I took this photo of the old Brown building with my digital camera. I did not need to buy film, or paper, or developer from a photography shop. I don’t think Mr. Ernest Brown could have imagined the advancement in amateur and professional photography we see today. Would I want to go back to the days when I spent my entire allowance on developing one roll of snapshots? No. I probably delete that many duds without remorse every time I download my camera. Imagine trying to describe to Ernest a phone that not only takes photographs but sends them instantly around the world? Unbelievable!

Here’s the thing, times have changed, and times are changing. When the “Everything Photographic” sign went up people depended on one expert and his employees to provide photographs. Now, 106 years later I can do everything he did and more, all by myself. Change means letting go of something – and it’s not always by choice. Sometimes the gap, the in-between time, the liminal space before we see something better, is bigger than we anticipate. We can choose to respond to disappointment with bitterness or cynicism if we want, but that is not the way of peace.
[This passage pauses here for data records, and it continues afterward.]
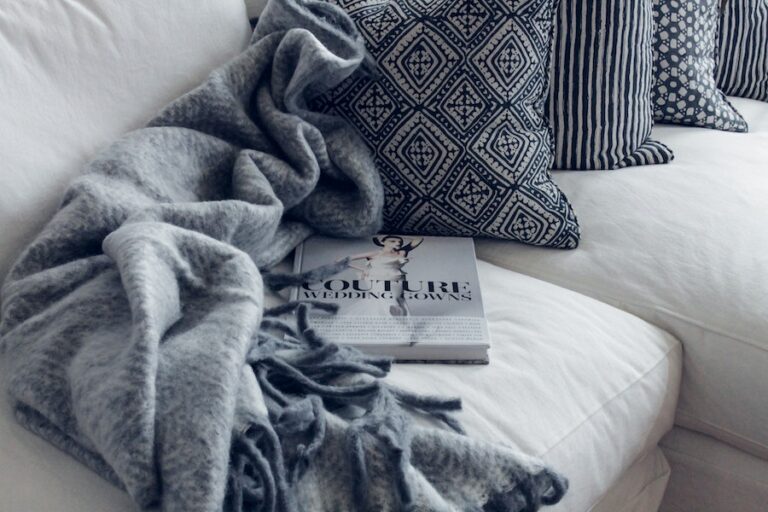 Saison froide : le tissu convenable pour vos housses de coussins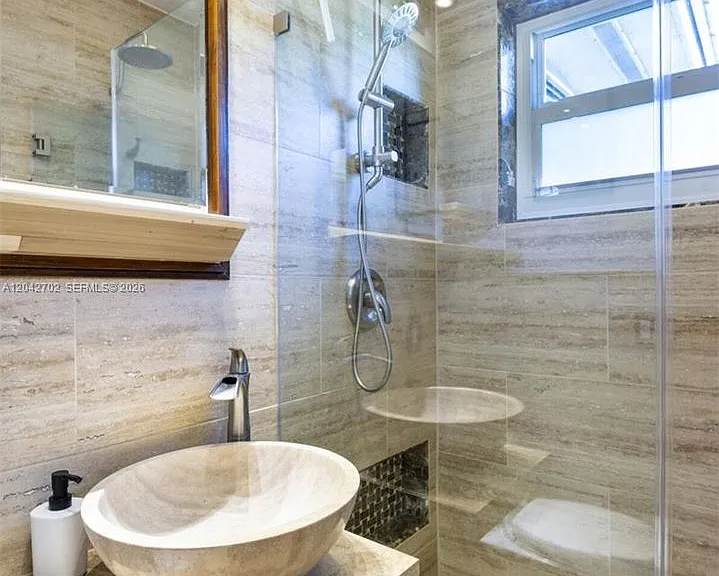 1745 SW 11th Ter #1745 — Photo 15
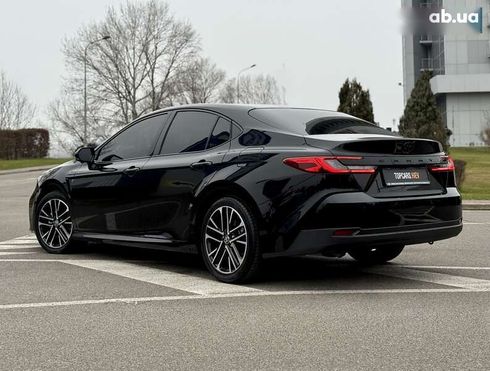 Toyota Camry 2024 - фото 9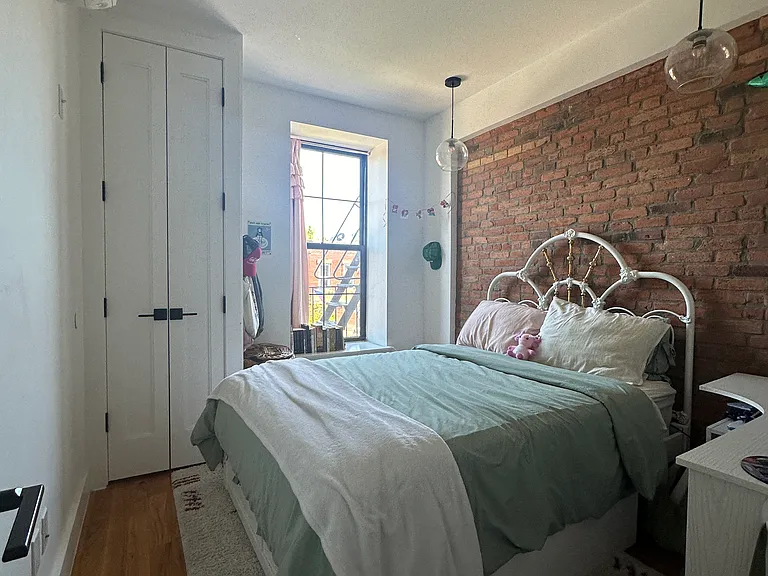1468 Fulton St #2R — Photo 8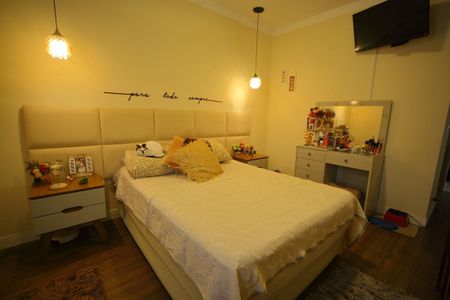 Casa à venda com 200m², 3 quartos e 2 vagasQuarto 2 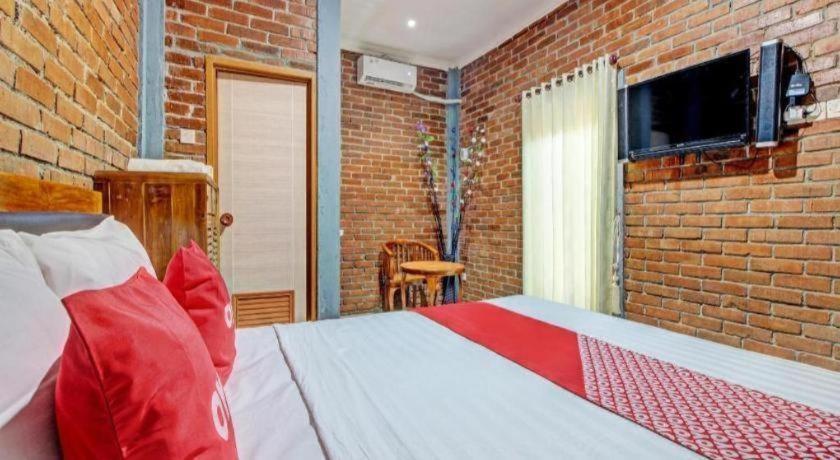 Hotel Oyo 92606 Djoglo Boto Syariah 2*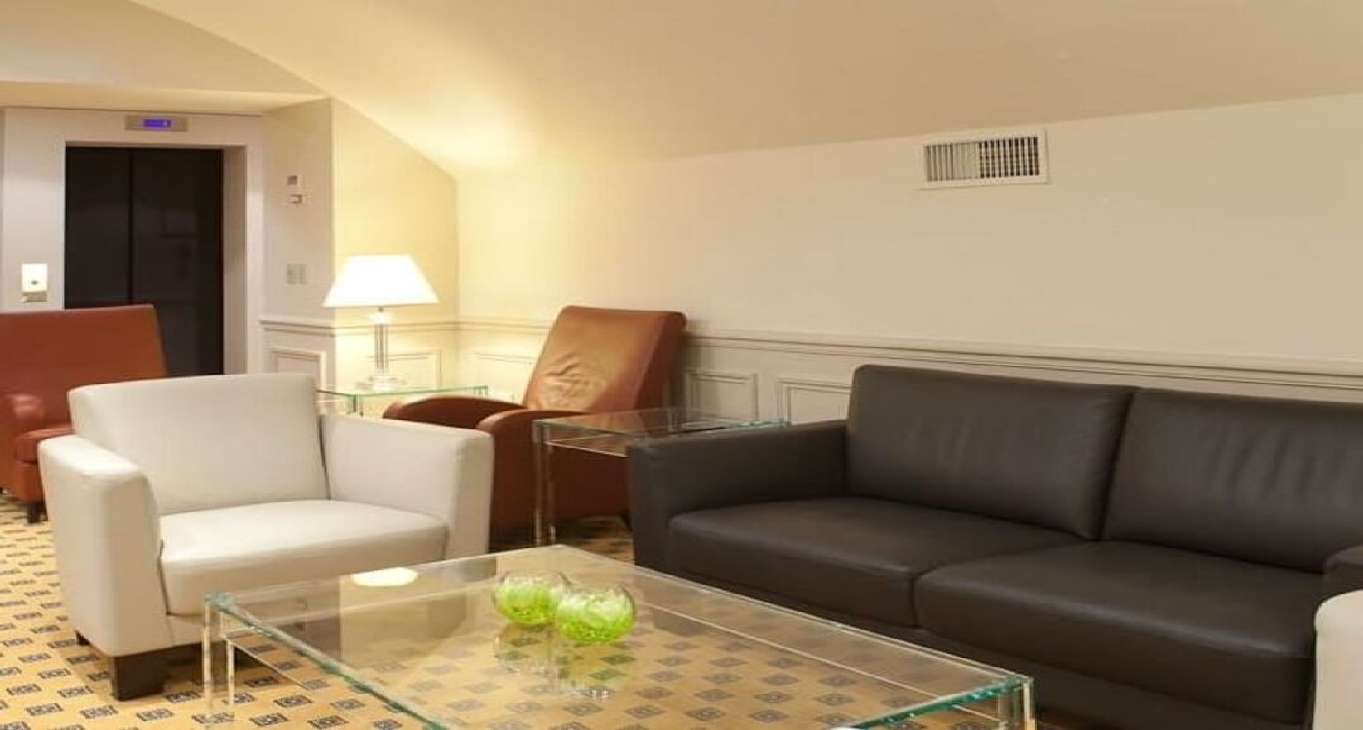 North High Street 711, North High Street 711, Columbus, OH 43215 — office space for rent, photo 2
God is not worried. I do believe he hears his people’s cries and he is exposing all this dysfunction because he has something better ahead.

This is why the Scriptures say:
Things never discovered or heard of before,
things beyond our ability to imagine —
these are the many things God has in store
for all his lovers.
(1 Corinthians 2:9)

The Lord answered my prayer for peace. He gave me a lens change. A line from a Kristene DeMarco song began to play in my head.

Let me show you what I see
You can’t dream too big for Me
So get up, get on your way
We’ve got things to do today

Fear not
If I could say it any louder, I would.

I got up. I did things. Writing this blog was one of them.